The film's major failing is that it never seems quite sure what it wants to be. While this is part and parcel of its genre-bending approach, the problem is that it's completely uneven in tone, shifting clumsily from tragedy to light comedy, to heavy-handed satire, and back again. A case in point is the scene where the grandfather, entreating his son and daughter to be kind to their slightly-slow brother, gives a tearful admission of guilt for his son's condition. And the reason? I won't spoil it, but I can only assume it's meant to be funny. In the event, it's just awkward.

Another crippling flaw is the monster itself. It simply doesn't work, either as an artistic design (it feels like they just wanted to cram everything they could think of into one monster) or in terms of execution (the CGI varies from acceptable to ropey) ; in fact, it looks completely absurd. It's impossible to feel even remotely scared of it, and thus The Host does not even begin to work as a horror film; it just isn't scary, or tense, or especially exciting.

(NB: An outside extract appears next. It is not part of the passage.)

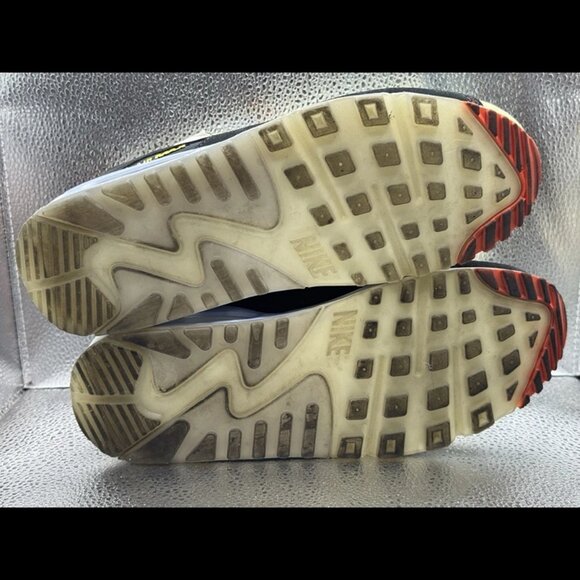 Size‎ 7.5 - Nike Air Max 90 Set To Rise Men Running Sneaker DV2116-700 - Picture 10 of 11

The Host's Korean origins have granted it a level of critical attention which it would never have had if it was a Hollywood product; it is, at heart, a pure and simple crowd-pleasing blockbuster, albeit one with a little more between the ears than many. On those terms, and nothing more, it offers solid entertainment, and earns itself a recommendation. It's definitely the best monster film I can think of in the past few years, though that's something of a back-handed compliment given that it's not exactly the most populated of genres currently. Ultimately, it's an ambitious mess of a film, reaching for a number of targets and falling short of most of them; the results, however, are never short of enjoyable.